RFR (S): 8218446: SuspendAtExit hangs
David Holmes
david.holmes at oracle.com
Wed Mar 20 02:35:24 UTC 2019
Dan, Robbin,
Please see v2:
http://cr.openjdk.java.net/~dholmes/8218446/webrev.v2/
The common logic is factored into java_suspend_self_with_safepoint_check().

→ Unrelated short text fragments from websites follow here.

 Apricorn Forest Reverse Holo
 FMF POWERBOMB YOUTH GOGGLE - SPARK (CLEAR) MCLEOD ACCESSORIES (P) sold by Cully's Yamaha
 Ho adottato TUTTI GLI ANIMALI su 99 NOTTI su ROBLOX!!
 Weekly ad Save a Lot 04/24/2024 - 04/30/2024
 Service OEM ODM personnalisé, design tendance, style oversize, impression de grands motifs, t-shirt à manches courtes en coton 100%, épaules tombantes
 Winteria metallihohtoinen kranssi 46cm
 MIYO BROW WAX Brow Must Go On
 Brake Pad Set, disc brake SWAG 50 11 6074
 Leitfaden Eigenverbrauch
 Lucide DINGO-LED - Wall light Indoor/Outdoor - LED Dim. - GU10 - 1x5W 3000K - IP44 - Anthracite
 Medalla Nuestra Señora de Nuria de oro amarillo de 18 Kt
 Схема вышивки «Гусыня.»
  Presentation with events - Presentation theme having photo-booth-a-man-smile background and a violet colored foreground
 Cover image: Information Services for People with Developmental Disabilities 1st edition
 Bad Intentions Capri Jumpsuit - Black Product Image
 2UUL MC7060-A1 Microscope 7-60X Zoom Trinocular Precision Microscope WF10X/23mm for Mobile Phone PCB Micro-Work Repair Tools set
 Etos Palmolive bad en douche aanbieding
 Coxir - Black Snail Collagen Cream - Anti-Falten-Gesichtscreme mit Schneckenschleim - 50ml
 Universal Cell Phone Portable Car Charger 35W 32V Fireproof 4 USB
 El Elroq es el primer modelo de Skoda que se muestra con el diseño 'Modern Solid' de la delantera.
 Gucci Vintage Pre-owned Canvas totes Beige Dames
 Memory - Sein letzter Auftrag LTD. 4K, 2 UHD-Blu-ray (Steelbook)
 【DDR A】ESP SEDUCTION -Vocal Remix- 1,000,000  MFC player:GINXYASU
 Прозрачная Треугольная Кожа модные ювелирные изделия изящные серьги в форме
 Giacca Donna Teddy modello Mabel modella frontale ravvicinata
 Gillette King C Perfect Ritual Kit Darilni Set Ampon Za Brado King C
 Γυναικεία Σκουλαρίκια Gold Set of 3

I'm also going to clean out the AllowJNIEnvProxy stuff as a follow up RFE.
Thanks,
David
On 20/03/2019 1:16 am, Daniel D. Daugherty wrote:
> On 3/19/19 2:55 AM, David Holmes wrote:
>> Hi Dan,
>>
>> After examining both chunks of code I've realized they should
>> basically do the same thing - though the potential recursion through
>> safepointMechanism::block_if_requested does make me a little nervous
>> in case there is a suspend/resume pathology - but the test didn't
>> trigger any problems even running with the minimum allowed stacksize.
>> So I'm okay with that.
>>
>> I also realized that the comment block in
>> check_safepoint_and_suspend_for_native_trans (added by JDK-4683006
>> back in Oct 2002 sccs version 1.633.2.1) regarding the rationale for
>> changing to _thread_blocked (the safepoint might be delayed) is
>> completely wrong - as per my new comment in
>> handle_special_runtime_exit_condition: the safepoint code sees that
>> is_external_suspend() is true and so treats the thread as safepoint safe.
>
> Agreed. ThreadSafepointState::examine_state_of_thread() has had checks
> to account for the various styles of thread suspension all the way
> back to 1998. Here's the oldest style that I found:
>
> 319a319,325
> > // Check for a thread that is suspended
> > if (_thread->is_java_suspended()) {
> > roll_forward(_at_safepoint);
> > return;
> > }
>
> which was added by:
>
> $ sp -r1.114.1.1 src/share/vm/runtime/safepoint.cpp
> src/share/vm/runtime/SCCS/s.safepoint.cpp:
>
> D 1.114.1.1 98/04/07 13:52:27 renes 202 200 00009/00006/00760
> MRs:
> COMMENTS:
>
> Back in the era when we didn't require delta comments...
>
>
>> So with a little tweaking these two code paths become identical and so
>> I will factor the common code out into a smaller helper method. The
>> fact one caller is static and the other not, complicates things a
>> little, so I'm still trying to get my head around the relationships
>> between "thread", "this" and the current thread. :)
>>
>> Stay tuned.
>
> Will do.
>
> Dan
>
>
>>
>> Cheers,
>> David
>>
>>
>>
>> On 19/03/2019 11:40 am, David Holmes wrote:
>>> Hi Dan,
>>>
>>> <trimming>
>>>
>>> On 19/03/2019 11:07 am, Daniel D. Daugherty wrote:
>>>> On 3/18/19 8:03 PM, David Holmes wrote:
>>>>> That all said if you really want me to add this I will, as it makes
>>>>> the two sections of code consistent even if not necessary (and
>>>>> potentially confusing).
>>>>
>>>> It was that difference between handle_special_runtime_exit_condition()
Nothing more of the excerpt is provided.